Jack Cardiff est d'abord un immense directeur de la photographie, ayant signé celle de quelques-uns des plus beaux films de l'âge d'or d'Hollywood (« Le Narcisse noir », « Pandora », « African Queen », « La Comtesse aux pieds nus », pour ne citer qu'eux). Il est probablement moins à l'aise en tant que réalisateur, ce qui ne l'a pas empêché de signer certains titres de qualité, dont « Les Drakkars » fait assurément partie. Le format 70 mm donne d'ailleurs le ton d'une œuvre ambitieuse, cherchant clairement à marcher dans les pas des « Vikings » (au visuel également signé Cardiff!). D'ailleurs, ce dernier lui fait parfois concurrence : l'image, même signée par un autre, est magnifique, et les scènes de bataille, sans être aussi virtuoses, font leur effet.
L'auteur s'offre même une audace visuelle assez étonnante durant l'introduction (ou plutôt juste après) à travers le récit (mythique) de la
« Mère des Voix », cloche géante suscitant tous les fantasmes.
Celle-ci permet de créer une véritable envie d'aventures à travers cette quête incertaine, sur laquelle le héros ne semble pas en savoir beaucoup plus que nous. Si le rythme est assez soutenu durant la première heure, il l'est un peu moins par la suite, le scénario n'exploitant pas toujours le beau potentiel présenté au départ.

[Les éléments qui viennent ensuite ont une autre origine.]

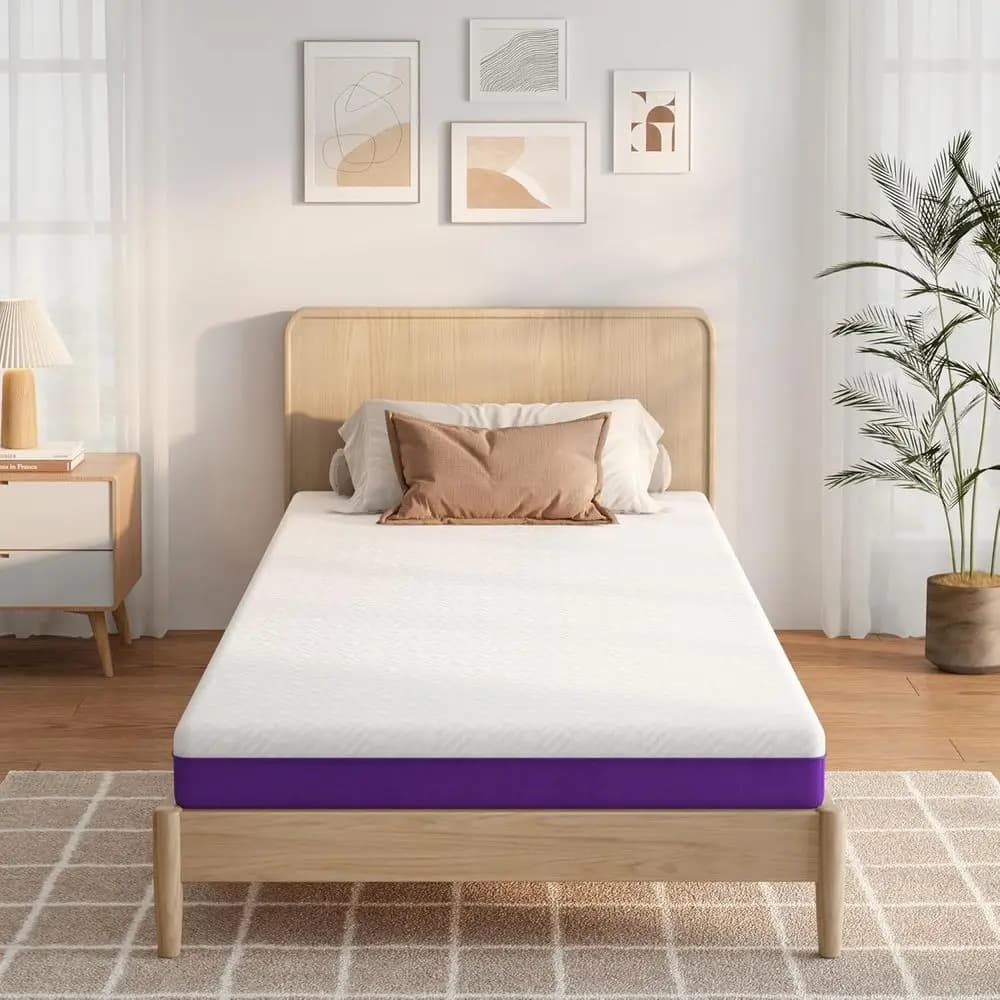 Single Mat for Sleepers, Sofas Bed, Stays - Memory Foam Gel, Media Hardness, Washable Coating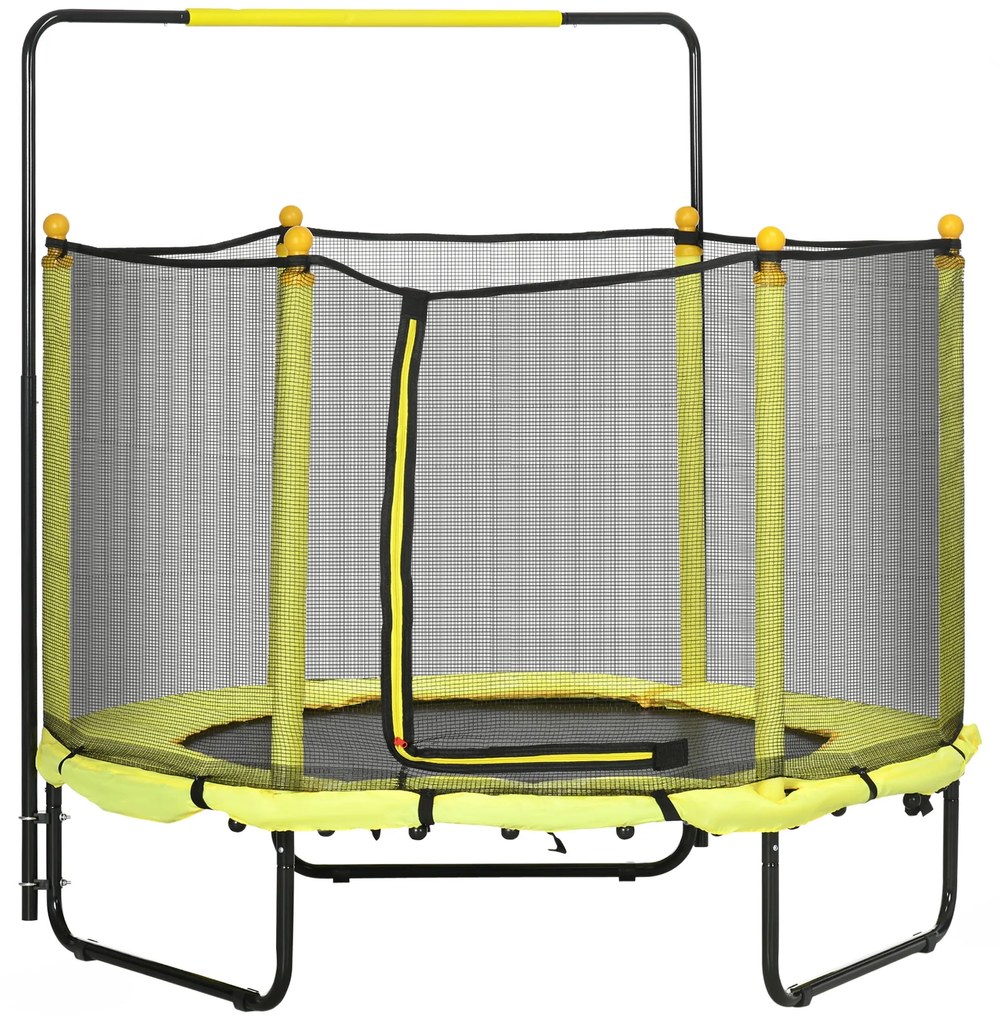 Trampolim Infantil Ø110 cm Trampolim para Crianças de 1-10 Anos com Rede de Segurança Barra Ajustável para Interior e Exterior Ø140x120-140 cm Amarelo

Ce dernier a même un gros moment d'égarement lors de
la tentative de viol dans le sauna :
non pas que je sois un féministe forcené, mais de faire d'une chose aussi grave une scène de comédie, je trouve ça vraiment abusé.
L'œuvre est par ailleurs l'une des seules à nous offrir un affrontement pour le moins original sur grand écran : Vikings contre Maures, avouez qu'on ne voie pas ça tous les jours, l'opposition entre les deux peuples évitant plutôt bien la caricature, le « méchant » incarné par Sidney Poitier restant toujours cohérent avec sa logique et faisant preuve d'un minimum d'ambiguïté, face à un Richard Widmark solide mais déjà plus inspiré, ce qui s'explique en partie par les conditions de tournage complexes. Dénouement très réussi, autant par
l'impressionnante chute de la cloche que la mort d'Amina et Ali Mansu,
d'un panache presque « rostandien ». Un divertissement « historique » comme on en fait plus, un cran en-dessous des modèles du genre, mais souvent prenant.